Referee response for version 3

Jinfeng Xiao 1

The authors have made a great revision and addressed all my concerns in my previous comments. The revised version is scientifically solid, and provides readers with a lot of insights and inspirations about the topic. Good job!

I have read this submission. I believe that I have an appropriate level of expertise to confirm that it is of an acceptable scientific standard.

F1000Res. 2017 Jun 28. doi: 10.5256/f1000research.13006.r23825

Referee response for version 2

Donna P Ankerst 1

The authors are to be congratulated for revising the article and thereby improving its important contribution to the science of prediction modeling. No further comments.

I have read this submission. I believe that I have an appropriate level of expertise to confirm that it is of an acceptable scientific standard.

F1000Res. 2017 Mar 14. doi: 10.5256/f1000research.8853.r19237

Referee response for version 1

Amber L Simpson 1

The authors describe an ensemble approach for predicting survival in prostate cancer patients as part of the 2015 Prostate Cancer DREAM (Dialogue for Reverse Engineering Assessments and Methods) Challenge. Patients included in the study had metastatic, castrate-resistant prostate cancer, an advanced cancer with poor prognosis. The authors are commended for undertaking a difficult problem and providing an elegant solution incorporating Cox, gradient boosting, random survival forest, and SVM for time-dependent analysis.

Addressing these points would improve the manuscript:

1) The luxury of a challenge is that authors are positioned to use knowledge gained from the challenge to improve their prediction model. The intent of sharing these datasets is to develop the best biomarker that can be used to change patient selection for therapy. Can the authors comment on what they would do differently now that they have considered methods proposed by other groups in the challenge? How can others use the lessons learned in this challenge to make the best biomarker possible?

2) The authors should also comment on the generalizability of their methods to other problems.

3) The paper is a good technical companion paper to the overview paper that was recently released, which should be cited 1.

4) For those unfamiliar with the challenge, it is important to note that the challenge organizers confirmed performance on the validation data as noted by a reviewer above. This information should be incorporated into the manuscript, as it is not readily apparent.

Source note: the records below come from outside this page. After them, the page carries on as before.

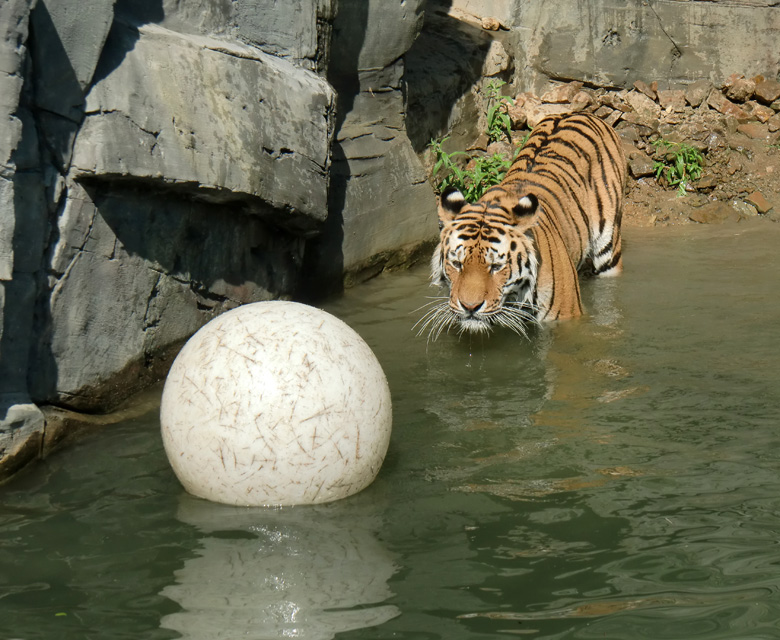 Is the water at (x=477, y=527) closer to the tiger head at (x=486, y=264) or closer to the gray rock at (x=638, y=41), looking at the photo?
the tiger head at (x=486, y=264)

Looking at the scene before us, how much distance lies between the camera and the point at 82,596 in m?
3.25

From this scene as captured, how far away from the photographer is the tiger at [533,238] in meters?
5.88

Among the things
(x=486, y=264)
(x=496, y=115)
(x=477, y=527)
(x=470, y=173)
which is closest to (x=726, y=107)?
(x=496, y=115)

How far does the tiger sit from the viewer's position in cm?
588

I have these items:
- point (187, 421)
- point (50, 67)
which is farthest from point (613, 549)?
point (50, 67)

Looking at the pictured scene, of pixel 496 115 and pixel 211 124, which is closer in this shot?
pixel 211 124

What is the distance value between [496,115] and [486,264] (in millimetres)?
3742

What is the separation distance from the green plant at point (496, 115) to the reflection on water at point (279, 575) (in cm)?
603

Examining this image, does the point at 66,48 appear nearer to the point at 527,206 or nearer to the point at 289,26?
the point at 289,26

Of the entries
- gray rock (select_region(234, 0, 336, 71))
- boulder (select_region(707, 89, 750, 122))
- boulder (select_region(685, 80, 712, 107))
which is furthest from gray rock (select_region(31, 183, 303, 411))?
boulder (select_region(707, 89, 750, 122))

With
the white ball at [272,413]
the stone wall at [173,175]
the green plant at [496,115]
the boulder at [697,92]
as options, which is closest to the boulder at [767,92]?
the boulder at [697,92]

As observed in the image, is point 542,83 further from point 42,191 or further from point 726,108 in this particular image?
point 42,191

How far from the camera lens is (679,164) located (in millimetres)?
9000

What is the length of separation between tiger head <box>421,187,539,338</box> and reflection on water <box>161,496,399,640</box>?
7.23 feet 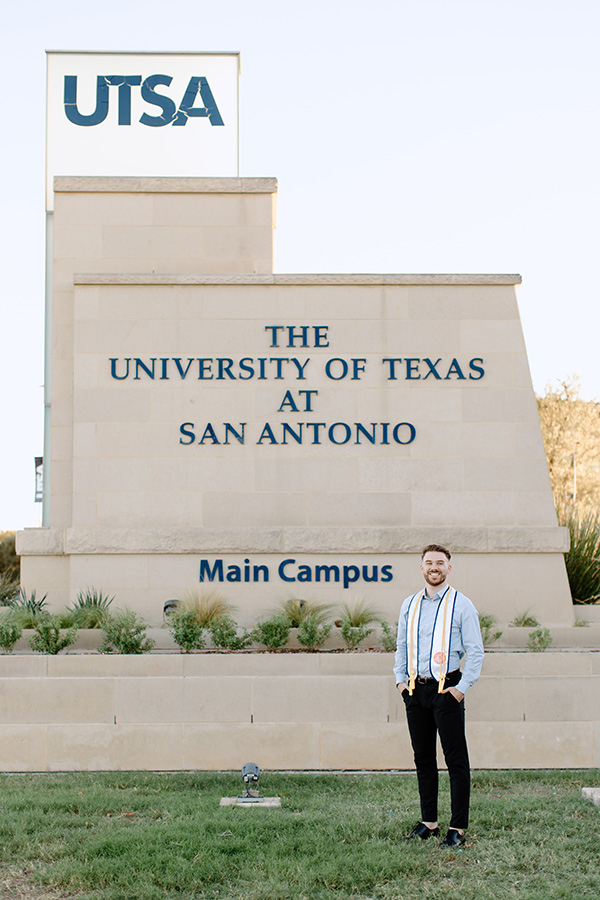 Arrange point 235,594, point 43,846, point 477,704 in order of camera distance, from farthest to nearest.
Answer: point 235,594
point 477,704
point 43,846

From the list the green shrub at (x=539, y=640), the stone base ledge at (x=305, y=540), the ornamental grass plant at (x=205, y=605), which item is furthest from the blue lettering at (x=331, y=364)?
the green shrub at (x=539, y=640)

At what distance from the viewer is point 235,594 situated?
45.4 ft

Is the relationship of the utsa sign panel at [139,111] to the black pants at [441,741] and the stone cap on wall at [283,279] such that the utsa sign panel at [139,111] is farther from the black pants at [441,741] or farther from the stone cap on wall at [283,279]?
the black pants at [441,741]

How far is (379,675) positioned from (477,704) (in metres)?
1.08

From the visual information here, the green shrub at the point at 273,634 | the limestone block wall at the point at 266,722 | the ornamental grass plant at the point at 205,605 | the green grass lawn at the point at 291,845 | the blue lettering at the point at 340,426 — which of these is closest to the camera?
the green grass lawn at the point at 291,845

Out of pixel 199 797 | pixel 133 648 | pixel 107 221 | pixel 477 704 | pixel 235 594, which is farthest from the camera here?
pixel 107 221

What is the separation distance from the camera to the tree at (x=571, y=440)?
41062 millimetres

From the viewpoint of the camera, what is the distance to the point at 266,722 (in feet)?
34.8

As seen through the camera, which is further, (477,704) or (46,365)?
(46,365)

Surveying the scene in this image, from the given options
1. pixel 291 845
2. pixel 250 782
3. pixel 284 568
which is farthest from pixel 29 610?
pixel 291 845

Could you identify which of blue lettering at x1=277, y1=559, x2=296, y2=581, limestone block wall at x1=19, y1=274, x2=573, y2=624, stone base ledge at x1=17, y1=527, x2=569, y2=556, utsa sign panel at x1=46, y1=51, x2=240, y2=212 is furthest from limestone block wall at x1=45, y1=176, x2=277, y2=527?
utsa sign panel at x1=46, y1=51, x2=240, y2=212

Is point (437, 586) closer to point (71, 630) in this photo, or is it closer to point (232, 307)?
point (71, 630)

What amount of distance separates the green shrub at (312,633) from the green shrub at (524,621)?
119 inches

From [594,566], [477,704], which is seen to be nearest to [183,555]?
[477,704]
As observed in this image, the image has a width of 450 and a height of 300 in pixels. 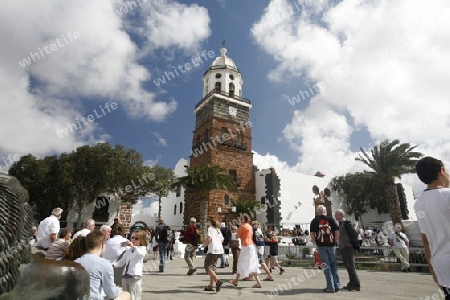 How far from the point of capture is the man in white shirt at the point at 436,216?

5) How does the model perform relative to published clinical nomograms? For example, the Armstrong nomogram achieved a concordance index of 0.69. Can the authors comment on the improvement over existing methods? One could argue that the slight improvement is not worth the overhead of employing ensemble methods 2 - 4

6) How does predicting survival change the management of these patients? For example, would bad actors be selected for a different treatment or spared from treatment? If so, it may be appropriate to calculate positive and negative predictive value for specific time points. Maximizing positive and negative predictive value may also make sense. The proposed method could aid in chemoprevention, as an example.

7) Is it possible to make the model publicly available as a nomogram (see nomograms.org)? Clinicians will not have the ability to download and install the code, but they may be interested in the results for individual patients.

8) How does the ensemble method compensate for highly correlated variables?

9) How was feature selection performed?

10) Listing the features would be helpful for clinicians looking to refine/improve existing nomograms.

I have read this submission. I believe that I have an appropriate level of expertise to confirm that it is of an acceptable scientific standard, however I have significant reservations, as outlined above.

References

  • 1. Guinney J, Wang T, Laajala T, Winner K, Bare J, Neto E, Khan S, Peddinti G, Airola A, Pahikkala T, Mirtti T, Yu T, Bot B, Shen L, Abdallah K, Norman T, Friend S, Stolovitzky G, Soule H, Sweeney C, Ryan C, Scher H, Sartor O, Xie Y, Aittokallio T, Zhou F, Costello J: Prediction of overall survival for patients with metastatic castration-resistant prostate cancer: development of a prognostic model through a crowdsourced challenge with open clinical trial data. The Lancet Oncology.2017;18(1) : 10.1016/S1470-2045(16)30560-5 132-142 10.1016/S1470-2045(16)30560-5 [DOI] [PMC free article] [PubMed] [Google Scholar]
  • 2. Armstrong AJ, Garrett-Mayer ES, Yang YC, de Wit R, Tannock IF, Eisenberger M: A contemporary prognostic nomogram for men with hormone-refractory metastatic prostate cancer: a TAX327 study analysis. Clin Cancer Res.2007;13(21) : 10.1158/1078-0432.CCR-07-1036 6396-403 10.1158/1078-0432.CCR-07-1036 [DOI] [PubMed] [Google Scholar]
  • 3. Armstrong AJ, Garrett-Mayer E, de Wit R, Tannock I, Eisenberger M: Prediction of survival following first-line chemotherapy in men with castration-resistant metastatic prostate cancer. Clin Cancer Res.2010;16(1) : 10.1158/1078-0432.CCR-09-2514 203-11 10.1158/1078-0432.CCR-09-2514 [DOI] [PubMed] [Google Scholar]
  • 4. Halabi S, Lin CY, Kelly WK, Fizazi KS, Moul JW, Kaplan EB, Morris MJ, Small EJ: Updated prognostic model for predicting overall survival in first-line chemotherapy for patients with metastatic castration-resistant prostate cancer. J Clin Oncol.2014;32(7) : 10.1200/JCO.2013.52.3696 671-7 10.1200/JCO.2013.52.3696 [DOI] [PMC free article] [PubMed] [Google Scholar]
F1000Res. 2017 Jun 22.
Sebastian Pölsterl 1

The authors describe an ensemble approach for predicting survival in prostate cancer patients as part of the 2015 Prostate Cancer DREAM (Dialogue for Reverse Engineering Assessments and Methods) Challenge. Patients included in the study had metastatic, castrate-resistant prostate cancer, an advanced cancer with poor prognosis. The authors are commended for undertaking a difficult problem and providing an elegant solution incorporating Cox, gradient boosting, random survival forest, and SVM for time-dependent analysis.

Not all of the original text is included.